PIETRO LIBERI

PIETRO LIBERI

Padua 1605-Venice 1687

Venus and Adonis

oil on canvas, cm 96×73

 

This important painting has been identified by Emilio Negro as the work of Pietro Liberi. Among the most sought-after authors of his period, with important international commissions, the famous Venetian artist is best known for works like the one presented here, charged with eroticism and passion, paradigmatic of the libertine climate characterizing Venice until the Eighteenth century. It features the love between Venus, goddess of beauty and fertility, and the young and beautiful Adonis. The latter is here shown with a stunning virile torso, in a pose which reminds of antique statues, and in particular the Augusto di Prima Porta at the Vatican Museums, that Liberi may have observed in his youth, when he visited Rome to study in the late Thirties of the Seventeenth century. Above, dashed with striking yet concise strokes in the best Venetian tradition, the artist has painted Venus’ carriage and the doves that pulled it, and the ever-present amorino.
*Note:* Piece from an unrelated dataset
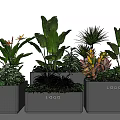 Gray Square Flower Planters With Various Green Plants Featuring LOGO Design 3d model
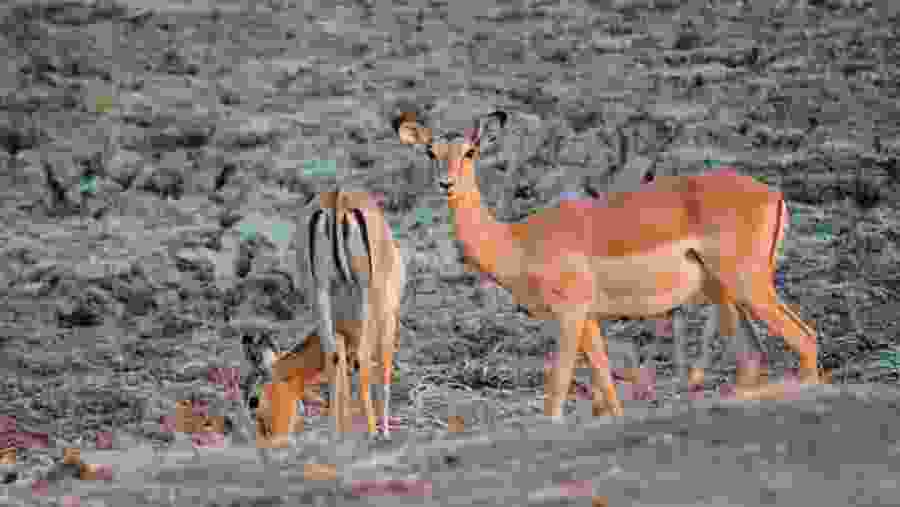Deer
Elements typical of Liberi comprise the refined incarnadine, with its particular “voluminous brushstrokes in warm and well-matched shades” (Negro) as well as the way the goddess holds the face of her beloved in her hand, and which can also be found in paintings as Jupiter, dressed as Diana, seduces Callistus in its different versions or the Virtue and Prudence, from the collection of the Marquis of Exeter in Stamford.